Short text fragments from websites
===

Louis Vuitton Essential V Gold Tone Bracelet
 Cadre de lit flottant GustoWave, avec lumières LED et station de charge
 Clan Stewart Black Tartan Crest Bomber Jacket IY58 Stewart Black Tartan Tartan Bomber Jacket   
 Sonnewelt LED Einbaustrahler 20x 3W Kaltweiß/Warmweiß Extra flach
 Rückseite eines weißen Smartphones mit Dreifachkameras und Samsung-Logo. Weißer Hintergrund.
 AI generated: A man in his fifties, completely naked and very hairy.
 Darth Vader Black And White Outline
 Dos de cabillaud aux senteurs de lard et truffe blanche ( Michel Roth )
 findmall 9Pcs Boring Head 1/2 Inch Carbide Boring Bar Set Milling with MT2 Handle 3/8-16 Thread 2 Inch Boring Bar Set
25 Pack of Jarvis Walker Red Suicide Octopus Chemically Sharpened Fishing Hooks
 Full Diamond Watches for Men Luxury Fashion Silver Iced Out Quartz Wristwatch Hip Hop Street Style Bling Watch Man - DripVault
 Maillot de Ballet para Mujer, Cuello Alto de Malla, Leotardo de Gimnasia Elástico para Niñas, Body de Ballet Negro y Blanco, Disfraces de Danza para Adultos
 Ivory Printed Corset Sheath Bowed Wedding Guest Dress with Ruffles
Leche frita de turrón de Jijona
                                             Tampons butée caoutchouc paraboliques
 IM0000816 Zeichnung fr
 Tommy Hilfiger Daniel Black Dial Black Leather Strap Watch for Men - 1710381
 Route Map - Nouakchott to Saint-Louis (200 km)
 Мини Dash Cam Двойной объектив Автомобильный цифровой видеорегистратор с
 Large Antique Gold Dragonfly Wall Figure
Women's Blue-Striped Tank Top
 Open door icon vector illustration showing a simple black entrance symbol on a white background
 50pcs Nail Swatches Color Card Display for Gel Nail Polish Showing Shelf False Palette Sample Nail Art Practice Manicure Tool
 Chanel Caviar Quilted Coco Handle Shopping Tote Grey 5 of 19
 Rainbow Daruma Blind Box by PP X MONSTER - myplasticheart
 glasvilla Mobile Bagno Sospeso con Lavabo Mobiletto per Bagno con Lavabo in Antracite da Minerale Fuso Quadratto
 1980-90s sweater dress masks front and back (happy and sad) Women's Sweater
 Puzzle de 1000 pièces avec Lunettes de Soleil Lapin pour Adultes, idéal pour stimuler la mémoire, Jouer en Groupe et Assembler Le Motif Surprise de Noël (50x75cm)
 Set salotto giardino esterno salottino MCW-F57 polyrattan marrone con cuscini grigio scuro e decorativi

===

_EXERCISE DETAILS_.
Copy, character for character, the lines from the line that holds "Open door icon" through the final line of the records above.

_ANSWER TO THIS TASK_.
 Open door icon vector illustration showing a simple black entrance symbol on a white background
 50pcs Nail Swatches Color Card Display for Gel Nail Polish Showing Shelf False Palette Sample Nail Art Practice Manicure Tool
 Chanel Caviar Quilted Coco Handle Shopping Tote Grey 5 of 19
 Rainbow Daruma Blind Box by PP X MONSTER - myplasticheart
 glasvilla Mobile Bagno Sospeso con Lavabo Mobiletto per Bagno con Lavabo in Antracite da Minerale Fuso Quadratto
 1980-90s sweater dress masks front and back (happy and sad) Women's Sweater
 Puzzle de 1000 pièces avec Lunettes de Soleil Lapin pour Adultes, idéal pour stimuler la mémoire, Jouer en Groupe et Assembler Le Motif Surprise de Noël (50x75cm)
 Set salotto giardino esterno salottino MCW-F57 polyrattan marrone con cuscini grigio scuro e decorativi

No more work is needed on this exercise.